Real Accountability Starts with Real Investigations

Judging by the GAO’s past decisions on government-funded video news releases — which it ruled were illegal propaganda unless their source were made clear — the GAO’s investigation will likely be vigorous, rooted in historical and legal precedent … and ignored by the Bush Administration.

Not surprisingly, there’s less reason to believe that the Pentagon will do a good job of investigating itself. After all, it was the Pentagon Inspector General’s office that OK’d paying foreign journalists “to write articles and commentary supporting military activities in Europe and Africa.” According to the Inspector General’s office, it’s not a problem that these “reports” appear on websites that are easily accessed by people in the United States. It’s also not a problem that these websites hide the disclosure that they’re funded by the U.S. government. It’s so unproblematic, in fact, that more military-funded “news” websites are now being launched for other regions of the globe. The military considers these websites part of their wartime “information operations,” but seems unconcerned that the propaganda may be reaching U.S. residents and undermining journalistic principles around the world.

The Pentagon pundit program is serious business. From early 2002 until the April 2008 New York Times exposé on the program, Allison Barber and other Defense Department flacks did their best to turn some 75 media analysts into Pentagon “message multipliers.” The program was explicitly designed to shape U.S. public opinion on such vital issues as the Iraq War, the Guantanamo Bay detention center and warantless wiretapping of U.S. residents.
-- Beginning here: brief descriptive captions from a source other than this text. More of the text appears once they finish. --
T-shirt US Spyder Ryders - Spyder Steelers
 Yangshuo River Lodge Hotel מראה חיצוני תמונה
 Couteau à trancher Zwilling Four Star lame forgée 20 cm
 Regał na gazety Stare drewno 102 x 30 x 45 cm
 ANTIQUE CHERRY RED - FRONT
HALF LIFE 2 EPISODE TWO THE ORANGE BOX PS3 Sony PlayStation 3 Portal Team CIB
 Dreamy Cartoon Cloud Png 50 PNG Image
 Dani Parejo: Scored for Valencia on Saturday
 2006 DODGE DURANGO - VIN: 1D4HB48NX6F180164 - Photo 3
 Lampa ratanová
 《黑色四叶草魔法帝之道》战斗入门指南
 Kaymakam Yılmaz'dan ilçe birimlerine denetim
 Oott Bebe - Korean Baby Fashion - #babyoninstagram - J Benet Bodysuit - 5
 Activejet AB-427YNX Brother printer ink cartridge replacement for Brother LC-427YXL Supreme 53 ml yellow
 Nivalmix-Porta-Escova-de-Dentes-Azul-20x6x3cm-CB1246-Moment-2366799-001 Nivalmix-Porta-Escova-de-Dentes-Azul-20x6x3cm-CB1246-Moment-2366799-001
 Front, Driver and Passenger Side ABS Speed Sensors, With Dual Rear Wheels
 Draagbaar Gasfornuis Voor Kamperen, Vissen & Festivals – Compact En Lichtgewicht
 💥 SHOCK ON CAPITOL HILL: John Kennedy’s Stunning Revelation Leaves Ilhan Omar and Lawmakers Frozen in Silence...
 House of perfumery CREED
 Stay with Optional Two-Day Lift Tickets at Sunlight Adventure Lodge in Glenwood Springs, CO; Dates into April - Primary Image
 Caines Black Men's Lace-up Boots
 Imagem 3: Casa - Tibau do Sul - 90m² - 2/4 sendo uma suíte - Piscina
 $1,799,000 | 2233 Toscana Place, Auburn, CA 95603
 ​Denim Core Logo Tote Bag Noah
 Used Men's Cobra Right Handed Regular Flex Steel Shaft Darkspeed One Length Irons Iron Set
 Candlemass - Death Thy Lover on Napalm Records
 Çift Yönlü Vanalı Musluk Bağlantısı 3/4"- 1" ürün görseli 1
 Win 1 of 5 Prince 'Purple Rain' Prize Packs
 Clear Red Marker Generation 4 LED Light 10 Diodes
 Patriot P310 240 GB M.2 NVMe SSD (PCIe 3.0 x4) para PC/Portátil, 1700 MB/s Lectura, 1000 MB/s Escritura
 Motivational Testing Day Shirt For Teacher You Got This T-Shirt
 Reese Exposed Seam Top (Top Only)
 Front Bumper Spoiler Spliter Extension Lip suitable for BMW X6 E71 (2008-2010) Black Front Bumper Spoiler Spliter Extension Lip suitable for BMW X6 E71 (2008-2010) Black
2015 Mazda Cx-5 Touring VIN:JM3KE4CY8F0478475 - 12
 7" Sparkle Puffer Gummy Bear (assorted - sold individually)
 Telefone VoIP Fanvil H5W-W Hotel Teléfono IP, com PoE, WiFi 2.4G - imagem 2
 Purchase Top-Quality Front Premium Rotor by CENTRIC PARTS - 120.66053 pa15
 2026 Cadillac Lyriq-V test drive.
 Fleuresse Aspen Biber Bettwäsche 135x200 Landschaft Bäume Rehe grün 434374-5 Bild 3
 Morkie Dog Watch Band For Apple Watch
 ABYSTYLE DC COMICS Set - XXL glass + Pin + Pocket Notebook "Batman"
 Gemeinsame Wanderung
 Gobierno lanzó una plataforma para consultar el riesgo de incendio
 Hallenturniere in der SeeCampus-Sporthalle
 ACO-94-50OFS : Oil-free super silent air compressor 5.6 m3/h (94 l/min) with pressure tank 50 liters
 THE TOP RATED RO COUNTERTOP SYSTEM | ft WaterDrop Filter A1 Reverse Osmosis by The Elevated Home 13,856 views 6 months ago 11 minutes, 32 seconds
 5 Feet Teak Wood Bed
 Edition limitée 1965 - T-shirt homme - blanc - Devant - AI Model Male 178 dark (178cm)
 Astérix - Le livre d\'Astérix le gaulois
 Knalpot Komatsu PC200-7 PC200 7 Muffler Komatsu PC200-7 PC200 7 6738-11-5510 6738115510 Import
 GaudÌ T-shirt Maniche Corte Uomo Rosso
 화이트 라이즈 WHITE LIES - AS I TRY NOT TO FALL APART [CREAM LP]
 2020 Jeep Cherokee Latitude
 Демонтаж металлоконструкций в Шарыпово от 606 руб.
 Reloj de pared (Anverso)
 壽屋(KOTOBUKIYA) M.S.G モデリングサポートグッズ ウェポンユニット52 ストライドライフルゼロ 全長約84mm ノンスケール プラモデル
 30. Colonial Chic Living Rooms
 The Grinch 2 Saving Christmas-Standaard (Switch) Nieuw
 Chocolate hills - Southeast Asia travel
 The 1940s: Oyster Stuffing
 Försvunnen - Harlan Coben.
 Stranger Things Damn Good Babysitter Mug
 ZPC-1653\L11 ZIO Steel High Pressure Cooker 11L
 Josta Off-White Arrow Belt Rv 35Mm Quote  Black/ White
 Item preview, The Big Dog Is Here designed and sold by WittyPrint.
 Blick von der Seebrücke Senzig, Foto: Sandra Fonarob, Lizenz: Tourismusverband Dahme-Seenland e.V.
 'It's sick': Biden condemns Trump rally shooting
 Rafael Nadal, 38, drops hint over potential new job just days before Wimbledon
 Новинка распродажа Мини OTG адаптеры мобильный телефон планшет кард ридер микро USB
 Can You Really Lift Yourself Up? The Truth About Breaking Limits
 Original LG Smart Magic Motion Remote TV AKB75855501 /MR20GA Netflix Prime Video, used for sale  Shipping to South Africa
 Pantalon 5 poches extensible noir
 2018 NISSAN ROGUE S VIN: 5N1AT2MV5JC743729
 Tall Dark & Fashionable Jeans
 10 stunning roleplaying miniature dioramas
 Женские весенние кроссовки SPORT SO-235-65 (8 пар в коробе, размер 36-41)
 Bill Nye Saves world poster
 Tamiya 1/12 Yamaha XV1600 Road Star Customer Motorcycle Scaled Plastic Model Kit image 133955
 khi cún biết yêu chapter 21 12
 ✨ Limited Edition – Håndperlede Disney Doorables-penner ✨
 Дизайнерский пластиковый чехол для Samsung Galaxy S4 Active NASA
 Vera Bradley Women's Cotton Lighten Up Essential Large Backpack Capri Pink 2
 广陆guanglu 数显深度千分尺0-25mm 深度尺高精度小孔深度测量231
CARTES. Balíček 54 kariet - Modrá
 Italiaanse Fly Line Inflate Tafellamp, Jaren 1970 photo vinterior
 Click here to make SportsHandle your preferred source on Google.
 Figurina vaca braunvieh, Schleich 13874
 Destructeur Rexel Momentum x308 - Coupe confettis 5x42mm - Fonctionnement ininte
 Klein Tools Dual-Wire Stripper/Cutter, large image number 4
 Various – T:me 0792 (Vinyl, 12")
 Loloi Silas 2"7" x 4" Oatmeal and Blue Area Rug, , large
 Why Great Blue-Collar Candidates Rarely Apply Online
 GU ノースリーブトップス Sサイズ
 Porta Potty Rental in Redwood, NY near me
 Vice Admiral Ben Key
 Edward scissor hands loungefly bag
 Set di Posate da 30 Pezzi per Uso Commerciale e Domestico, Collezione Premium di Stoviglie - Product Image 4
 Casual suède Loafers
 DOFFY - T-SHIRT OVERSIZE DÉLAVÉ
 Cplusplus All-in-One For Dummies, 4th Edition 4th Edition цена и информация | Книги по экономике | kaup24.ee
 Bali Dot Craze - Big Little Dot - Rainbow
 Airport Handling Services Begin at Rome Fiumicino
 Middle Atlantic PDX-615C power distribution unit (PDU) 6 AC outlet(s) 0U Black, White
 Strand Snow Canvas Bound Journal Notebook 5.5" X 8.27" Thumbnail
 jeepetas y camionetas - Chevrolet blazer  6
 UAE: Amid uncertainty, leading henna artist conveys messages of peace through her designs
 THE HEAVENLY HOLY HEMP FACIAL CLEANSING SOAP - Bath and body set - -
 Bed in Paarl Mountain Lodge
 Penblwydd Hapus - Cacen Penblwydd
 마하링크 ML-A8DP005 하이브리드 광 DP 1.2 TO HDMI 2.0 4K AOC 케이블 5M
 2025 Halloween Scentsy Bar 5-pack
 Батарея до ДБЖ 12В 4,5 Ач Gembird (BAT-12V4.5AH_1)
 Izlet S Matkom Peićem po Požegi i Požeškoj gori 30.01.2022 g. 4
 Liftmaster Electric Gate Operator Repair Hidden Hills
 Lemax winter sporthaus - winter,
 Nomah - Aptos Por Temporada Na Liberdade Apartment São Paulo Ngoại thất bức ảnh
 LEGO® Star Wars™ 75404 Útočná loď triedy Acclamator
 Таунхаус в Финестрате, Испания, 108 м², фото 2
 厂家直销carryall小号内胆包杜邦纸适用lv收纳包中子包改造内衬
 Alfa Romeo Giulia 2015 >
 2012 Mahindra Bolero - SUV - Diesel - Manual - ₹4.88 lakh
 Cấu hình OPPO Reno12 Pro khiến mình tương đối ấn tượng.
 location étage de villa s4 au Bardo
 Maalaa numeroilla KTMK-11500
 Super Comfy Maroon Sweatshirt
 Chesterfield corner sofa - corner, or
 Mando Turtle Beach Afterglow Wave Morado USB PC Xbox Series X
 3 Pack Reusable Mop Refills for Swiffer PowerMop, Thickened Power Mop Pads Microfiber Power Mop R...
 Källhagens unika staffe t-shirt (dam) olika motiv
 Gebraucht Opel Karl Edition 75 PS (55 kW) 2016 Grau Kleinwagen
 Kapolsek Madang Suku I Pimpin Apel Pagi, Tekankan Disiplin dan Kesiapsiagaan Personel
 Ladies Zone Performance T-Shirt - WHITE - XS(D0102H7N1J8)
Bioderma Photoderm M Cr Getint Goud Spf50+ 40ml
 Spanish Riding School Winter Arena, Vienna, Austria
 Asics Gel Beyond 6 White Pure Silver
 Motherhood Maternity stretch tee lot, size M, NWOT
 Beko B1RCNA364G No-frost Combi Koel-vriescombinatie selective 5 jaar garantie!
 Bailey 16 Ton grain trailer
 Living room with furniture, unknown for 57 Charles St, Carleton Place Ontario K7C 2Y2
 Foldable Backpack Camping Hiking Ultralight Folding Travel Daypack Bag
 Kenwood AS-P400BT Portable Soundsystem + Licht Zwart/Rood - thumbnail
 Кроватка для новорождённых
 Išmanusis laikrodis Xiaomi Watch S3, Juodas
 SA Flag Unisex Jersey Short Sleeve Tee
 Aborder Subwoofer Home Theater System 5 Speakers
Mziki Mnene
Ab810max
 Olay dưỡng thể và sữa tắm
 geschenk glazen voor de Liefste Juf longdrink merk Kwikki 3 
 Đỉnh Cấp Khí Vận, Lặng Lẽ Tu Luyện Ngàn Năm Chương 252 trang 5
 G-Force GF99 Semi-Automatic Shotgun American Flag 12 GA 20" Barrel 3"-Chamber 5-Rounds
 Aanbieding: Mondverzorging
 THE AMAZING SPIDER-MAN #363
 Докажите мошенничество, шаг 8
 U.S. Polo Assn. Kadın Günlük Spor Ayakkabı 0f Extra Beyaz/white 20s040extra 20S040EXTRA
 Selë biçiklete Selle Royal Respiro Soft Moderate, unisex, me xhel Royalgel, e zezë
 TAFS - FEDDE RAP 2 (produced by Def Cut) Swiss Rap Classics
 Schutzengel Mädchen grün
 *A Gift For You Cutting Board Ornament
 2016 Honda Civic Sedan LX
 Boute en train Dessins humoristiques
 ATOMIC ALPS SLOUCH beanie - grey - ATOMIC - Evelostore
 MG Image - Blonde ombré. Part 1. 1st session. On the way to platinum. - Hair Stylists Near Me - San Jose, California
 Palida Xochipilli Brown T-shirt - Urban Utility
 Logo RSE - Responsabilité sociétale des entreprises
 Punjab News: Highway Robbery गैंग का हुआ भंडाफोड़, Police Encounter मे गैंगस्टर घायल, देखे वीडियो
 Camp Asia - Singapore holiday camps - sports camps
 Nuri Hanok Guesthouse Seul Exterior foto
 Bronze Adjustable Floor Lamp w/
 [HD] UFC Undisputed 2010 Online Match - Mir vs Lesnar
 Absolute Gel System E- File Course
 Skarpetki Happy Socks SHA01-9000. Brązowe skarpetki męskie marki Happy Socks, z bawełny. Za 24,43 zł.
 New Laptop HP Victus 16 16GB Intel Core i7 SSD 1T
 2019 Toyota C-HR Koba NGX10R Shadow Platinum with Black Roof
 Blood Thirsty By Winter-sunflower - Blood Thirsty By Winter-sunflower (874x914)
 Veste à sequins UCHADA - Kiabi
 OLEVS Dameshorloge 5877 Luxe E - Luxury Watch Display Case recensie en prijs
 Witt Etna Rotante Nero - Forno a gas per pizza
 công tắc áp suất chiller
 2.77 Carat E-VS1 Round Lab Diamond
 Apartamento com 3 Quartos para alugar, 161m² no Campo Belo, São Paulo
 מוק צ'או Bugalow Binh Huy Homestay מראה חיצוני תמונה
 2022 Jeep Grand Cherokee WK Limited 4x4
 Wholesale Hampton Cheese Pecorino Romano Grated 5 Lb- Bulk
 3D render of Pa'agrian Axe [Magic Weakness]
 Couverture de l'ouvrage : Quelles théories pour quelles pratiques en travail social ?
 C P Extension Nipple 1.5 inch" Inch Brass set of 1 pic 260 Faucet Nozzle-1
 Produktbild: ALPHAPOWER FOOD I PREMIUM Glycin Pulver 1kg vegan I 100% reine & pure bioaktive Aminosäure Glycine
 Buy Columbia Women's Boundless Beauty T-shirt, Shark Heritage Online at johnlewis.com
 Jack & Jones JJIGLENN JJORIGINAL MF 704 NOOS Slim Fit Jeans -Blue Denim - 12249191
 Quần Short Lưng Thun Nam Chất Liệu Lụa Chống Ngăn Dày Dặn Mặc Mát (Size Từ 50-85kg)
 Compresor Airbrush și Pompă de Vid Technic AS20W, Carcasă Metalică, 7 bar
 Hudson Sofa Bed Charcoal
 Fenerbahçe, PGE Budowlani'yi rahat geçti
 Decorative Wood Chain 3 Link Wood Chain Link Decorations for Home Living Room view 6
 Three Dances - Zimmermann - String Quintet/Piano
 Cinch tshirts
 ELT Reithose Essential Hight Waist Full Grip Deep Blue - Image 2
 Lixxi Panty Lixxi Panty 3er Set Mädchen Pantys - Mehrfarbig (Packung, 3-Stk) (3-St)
Before there can be real accountability for the Pentagon pundit program, real investigations need to happen — not a strong but toothless ruling and not a whitewash of what happened. That’s why Commissioner Adelstein publicly called for “a real and thorough investigation” by the Federal Communications Commission and by the U.S. Justice Department.

The Pentagon pundit program may have violated the FCC’s restrictions on payola, according to Commissioner Adelstein. The payola rules, he explained (pdf), “require broadcast and cable stations to exercise reasonable diligence in determining whether a disclosure is needed for materials involving controversial issues of public importance. Were any questions even asked? This is not just a question of journalist ethics and integrity. It is the law. The war in Iraq is clearly a controversial issue of public importance.”

Noting that “it took the FCC over two and a half years to issue a citation” in the Armstrong Williams payola pundit case, Adelstein stressed that “this investigation need not, and should not, take that long.”

Adelstein also called on the Justice Department to determine whether the Pentagon pundit program violated federal anti-propaganda laws. “Congress has specifically outlawed the use of federal funds for covert propaganda,” he said. “The GAO determined that the ‘critical element’ of covert propaganda is the concealment of the agency’s role in preparing the material from the target audience. … The federal anti-propaganda and payola laws are grounded on the principle that the public is entitled to know who seeks to persuade them so they can make up their own minds about the credibility of the information presented.”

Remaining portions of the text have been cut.